BRICS-Gipfel lässt IWF-Bande für ihr Geld laufen

BRICS-Gipfel in Russland zeigt den Zerfall der westlich geführten Ordnung und gibt dem IWF in den USA einen wirtschaftlichen Realitätscheck

Der Internationale Währungsfonds (IWF) wird in dieser Woche in Washington tagen und sich mit zahlreichen Herausforderungen auseinandersetzen.

Dort wird sich die Wirtschaftselite mit einer verwirrenden Anzahl von brisanten Themen auseinandersetzen, die von Chinas Konjunkturabschwächung über Deutschlands Rezession und geopolitische Risiken bis zu den ungewissen US-Wahlen reichen, die überall die Nerven strapazieren. Hinzu kommen die Warnungen des IWF vor einer Zeitbombe von 100 Billionen US-Dollar Staatsverschuldung.

Erstaunlicherweise könnte Washington in dieser Woche Gastgeber des zweitwichtigsten Wirtschaftstreffens sein. Das spannendere Ereignis wird in Moskau stattfinden, wo die BRICS-Staaten ihren jährlichen Gipfel abhalten.

Noch vor ein paar Jahren dachten viele Experten, dass die Gruppe, die Brasilien, Russland, Indien und Südafrika umfasst, nur ein Nebenschauplatz sein würde. Im Jahr 2001 prägte der damalige Wirtschaftswissenschaftler von Goldman Sachs, Jim O’Neill, das Akronym BRIC. Im Jahr 2010 fügten die vier ursprünglichen Mitglieder Südafrika hinzu.

In den darauffolgenden Jahren schienen die BRICS an Schubkraft zu verlieren. In einem Bericht aus dem Jahr 2019 erklärte Standard & Poor’s, der Block hat an Relevanz verloren. Etwa zur gleichen Zeit nahm O’Neill selbst seine Gründung aufs Korn.

„Die divergierende langfristige wirtschaftliche Entwicklung der fünf Länder schwächt den analytischen Wert der Betrachtung der BRICS als kohärente wirtschaftliche Gruppierung“, schrieb O’Neill kürzlich. „Ich selbst habe gelegentlich gescherzt, dass ich das Akronym vielleicht ‚IC‘ nennen sollte, basierend auf der eindeutigen Enttäuschung der brasilianischen und russischen Volkswirtschaften im laufenden Jahrzehnt seit 2011, wo beide im Vergleich zu dem, was der Pfad des Szenarios 2050 vorsah, eindeutig deutlich unterdurchschnittlich abgeschnitten haben.“

Seitdem haben die BRICS jedoch wieder Tritt gefasst und expandieren mit fünf neuen Mitgliedern. Diese Woche werden Ägypten, Äthiopien, Iran, Saudi-Arabien und die Vereinigten Arabischen Emirate aufgenommen.

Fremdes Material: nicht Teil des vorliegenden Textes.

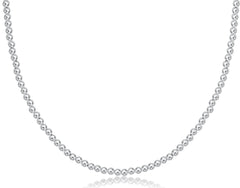 Choker Beaded - Classic Sterling 3mm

Mariel Ferragamo, Analystin beim Council on Foreign Relations, stellt fest, dass „die Aufnahme von Ägypten und Äthiopien die Stimmen des afrikanischen Kontinents verstärken wird. Ägypten unterhält außerdem enge Handelsbeziehungen zu China und Indien sowie politische Beziehungen zu Russland“.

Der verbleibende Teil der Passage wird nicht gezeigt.